**Required action:** The task for the listing below is to write out exactly the lines starting at the one containing "прописка для кредита в Назарово" and ending at the one containing "Проверенный китайский поставщик", both included. Pictures are to be omitted.

━━━━━━━━━━

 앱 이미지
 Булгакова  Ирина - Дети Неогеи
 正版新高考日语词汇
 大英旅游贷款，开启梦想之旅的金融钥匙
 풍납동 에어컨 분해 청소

━━━━━━━━━━

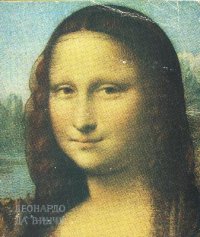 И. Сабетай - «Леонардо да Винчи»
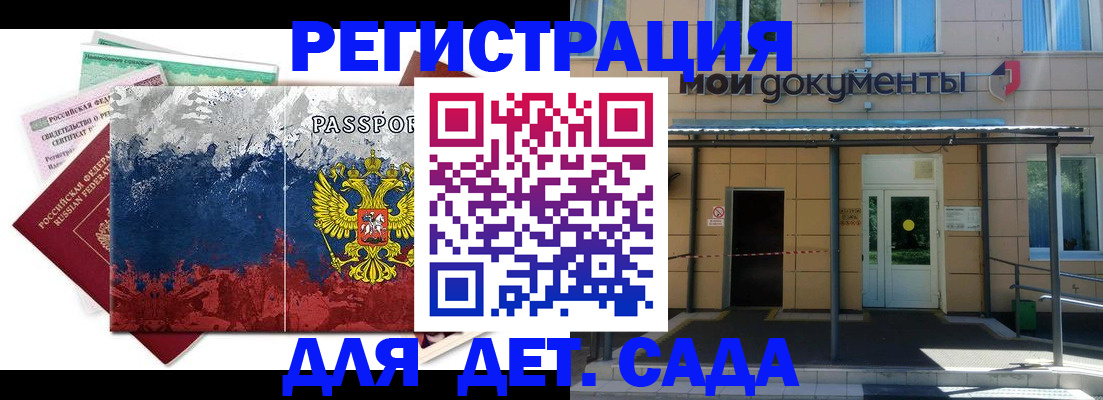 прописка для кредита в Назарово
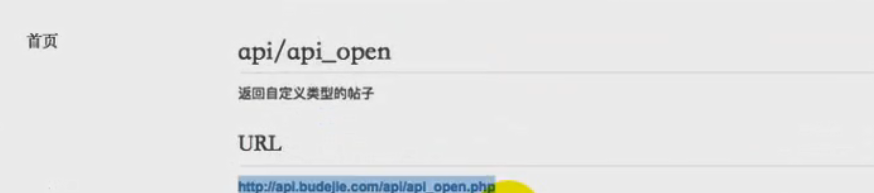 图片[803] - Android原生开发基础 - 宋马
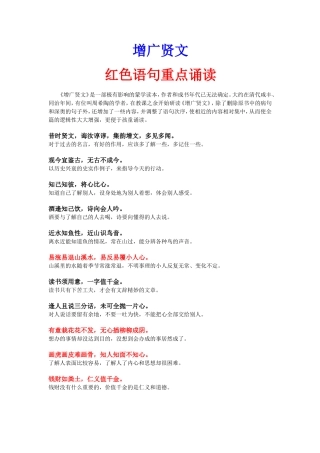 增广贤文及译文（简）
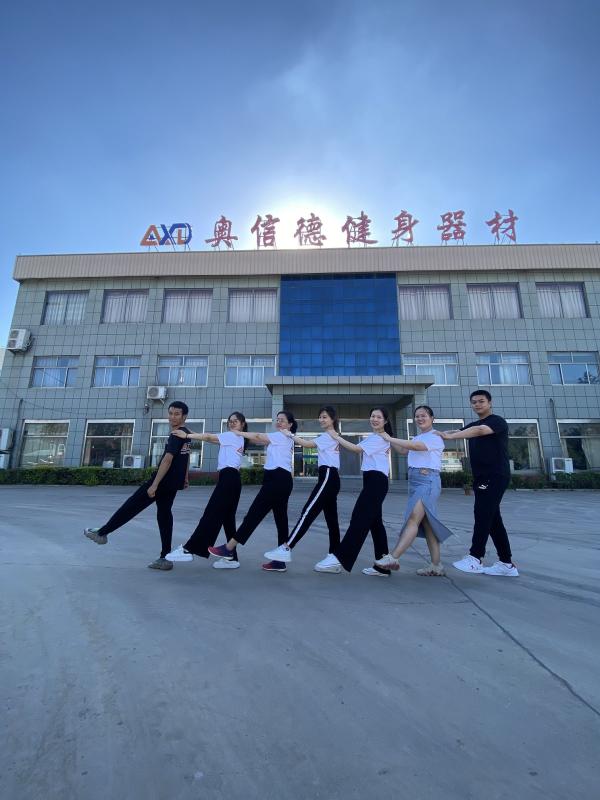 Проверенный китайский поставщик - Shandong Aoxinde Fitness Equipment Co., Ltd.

━━━━━━━━━━

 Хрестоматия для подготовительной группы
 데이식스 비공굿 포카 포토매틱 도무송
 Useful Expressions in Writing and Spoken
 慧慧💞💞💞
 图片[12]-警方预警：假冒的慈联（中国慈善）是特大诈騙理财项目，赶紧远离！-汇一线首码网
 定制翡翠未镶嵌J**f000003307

━━━━━━━━━━

**Result:**
 прописка для кредита в Назарово
 图片[803] - Android原生开发基础 - 宋马
 增广贤文及译文（简）
 Проверенный китайский поставщик - Shandong Aoxinde Fitness Equipment Co., Ltd.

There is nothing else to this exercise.